In 1826, Venezuela came close to seceding from Gran Colombia. That year, Congress began impeachment proceedings against Páez, who resigned his post on April 28 but reassumed it two days later in defiance of the central government.
In November, two assemblies met in Venezuela to discuss the future of the region, but no formal independence was declared at either. That same month, skirmishes broke out between the supporters of Páez and Bolívar in the east and south of Venezuela. By the end of the year, Bolívar was in Maracaibo preparing to march into Venezuela with an army, if necessary. Ultimately, political compromises prevented this. In January, Bolívar offered the rebellious Venezuelans a general amnesty and the promise to convene a new constitutional assembly before the ten-year period established by the Constitution of Cúcuta, and Páez backed down and recognized Bolívar’s authority. The reforms, however, never fully satisfied the different political factions in Gran Colombia, and no permanent consolidation was achieved. The instability of the state’s structure was now apparent to all.

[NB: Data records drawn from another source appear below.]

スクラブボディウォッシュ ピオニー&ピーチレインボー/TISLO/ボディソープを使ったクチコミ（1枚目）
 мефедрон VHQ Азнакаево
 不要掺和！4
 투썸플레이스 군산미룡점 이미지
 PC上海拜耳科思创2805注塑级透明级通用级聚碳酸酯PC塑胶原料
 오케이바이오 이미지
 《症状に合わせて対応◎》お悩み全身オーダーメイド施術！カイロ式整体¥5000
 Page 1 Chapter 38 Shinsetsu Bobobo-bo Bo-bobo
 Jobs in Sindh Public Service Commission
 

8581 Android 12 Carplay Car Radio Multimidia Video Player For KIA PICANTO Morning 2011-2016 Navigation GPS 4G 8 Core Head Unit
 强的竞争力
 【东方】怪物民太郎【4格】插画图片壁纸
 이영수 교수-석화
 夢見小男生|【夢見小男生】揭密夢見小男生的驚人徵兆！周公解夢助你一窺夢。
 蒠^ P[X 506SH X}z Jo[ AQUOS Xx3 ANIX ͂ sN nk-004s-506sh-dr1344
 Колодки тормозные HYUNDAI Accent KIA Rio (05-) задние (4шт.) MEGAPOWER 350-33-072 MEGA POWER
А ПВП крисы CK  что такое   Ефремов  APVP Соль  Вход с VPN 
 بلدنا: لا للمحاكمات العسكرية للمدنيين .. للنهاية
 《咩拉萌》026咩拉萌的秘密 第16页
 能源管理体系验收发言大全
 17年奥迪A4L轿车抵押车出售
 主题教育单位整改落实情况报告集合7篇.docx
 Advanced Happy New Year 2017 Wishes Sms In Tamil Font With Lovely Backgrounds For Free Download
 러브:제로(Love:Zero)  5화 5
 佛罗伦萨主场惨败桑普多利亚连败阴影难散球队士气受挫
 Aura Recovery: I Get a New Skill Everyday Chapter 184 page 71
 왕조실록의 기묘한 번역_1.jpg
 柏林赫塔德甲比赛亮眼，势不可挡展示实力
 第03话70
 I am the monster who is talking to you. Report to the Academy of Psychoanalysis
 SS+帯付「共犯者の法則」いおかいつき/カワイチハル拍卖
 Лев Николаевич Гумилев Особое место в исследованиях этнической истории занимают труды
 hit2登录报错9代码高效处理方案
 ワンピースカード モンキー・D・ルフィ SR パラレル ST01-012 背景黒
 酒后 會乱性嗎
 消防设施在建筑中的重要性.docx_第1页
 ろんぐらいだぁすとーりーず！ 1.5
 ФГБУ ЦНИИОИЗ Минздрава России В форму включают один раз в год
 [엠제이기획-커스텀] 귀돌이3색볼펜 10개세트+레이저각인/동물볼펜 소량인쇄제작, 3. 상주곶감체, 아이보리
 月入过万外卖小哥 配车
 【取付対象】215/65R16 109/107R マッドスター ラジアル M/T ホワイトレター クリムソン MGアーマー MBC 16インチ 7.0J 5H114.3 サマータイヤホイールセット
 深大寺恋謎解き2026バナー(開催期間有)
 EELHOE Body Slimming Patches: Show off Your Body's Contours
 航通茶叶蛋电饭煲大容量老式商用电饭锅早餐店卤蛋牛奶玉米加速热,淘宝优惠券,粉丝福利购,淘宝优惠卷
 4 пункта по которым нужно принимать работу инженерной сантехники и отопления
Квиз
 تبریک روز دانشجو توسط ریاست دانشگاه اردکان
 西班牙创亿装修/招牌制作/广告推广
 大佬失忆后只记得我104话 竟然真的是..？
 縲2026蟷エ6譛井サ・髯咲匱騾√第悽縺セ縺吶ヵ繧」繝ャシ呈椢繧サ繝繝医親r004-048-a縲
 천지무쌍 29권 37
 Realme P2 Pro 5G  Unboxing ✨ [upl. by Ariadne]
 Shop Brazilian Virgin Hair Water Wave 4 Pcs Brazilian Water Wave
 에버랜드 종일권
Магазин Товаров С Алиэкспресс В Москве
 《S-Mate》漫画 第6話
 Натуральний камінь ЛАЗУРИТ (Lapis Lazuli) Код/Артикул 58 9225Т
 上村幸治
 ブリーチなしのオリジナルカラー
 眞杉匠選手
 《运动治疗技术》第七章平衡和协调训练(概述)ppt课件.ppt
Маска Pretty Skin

In 1828, the new constitutional assembly, the Convention of Ocaña, began its sessions. At its opening, Bolívar again proposed a new constitution based on the Bolivian one, but this suggestion continued to be unpopular. The convention fell apart when pro-Bolívar delegates walked out rather than sign a federalist constitution. After this failure, Bolívar believed that by centralizing his constitutional powers he could prevent the separatists from bringing down the union. He ultimately failed to do so. As the collapse of the nation became evident in 1830, Bolívar resigned from the presidency. Internal political strife between the different regions intensified even as General Rafael Urdaneta temporarily took power in Bogotá, attempting to use his authority to ostensibly restore order but actually hoping to convince Bolívar to return to the presidency and the nation to accept him. The federation finally dissolved in the closing months of 1830 and was formally abolished in 1831. Venezuela, Ecuador, and New Granada came to exist as independent states.
Gran Colombia
A map of Gran Colombia showing the 12 departments created in 1824 and territories disputed with neighboring countries.
26.1.4: José de San Martín
José de San Martín was one of the prime leaders of Latin America’s successful struggle for freedom from the Spanish Empire, commanding crucial military campaigns that led to independence for Argentina, Chile, and Peru.
Learning Objective
Compare José de San Martín’s efforts to Bolívar’s
Key Points
- José de San Martín, along with Simón Bolívar, was one of the most important leaders of the Latin American independence movements.
- His military leadership was crucial in the wars of independence in Argentina, Chile, and Peru.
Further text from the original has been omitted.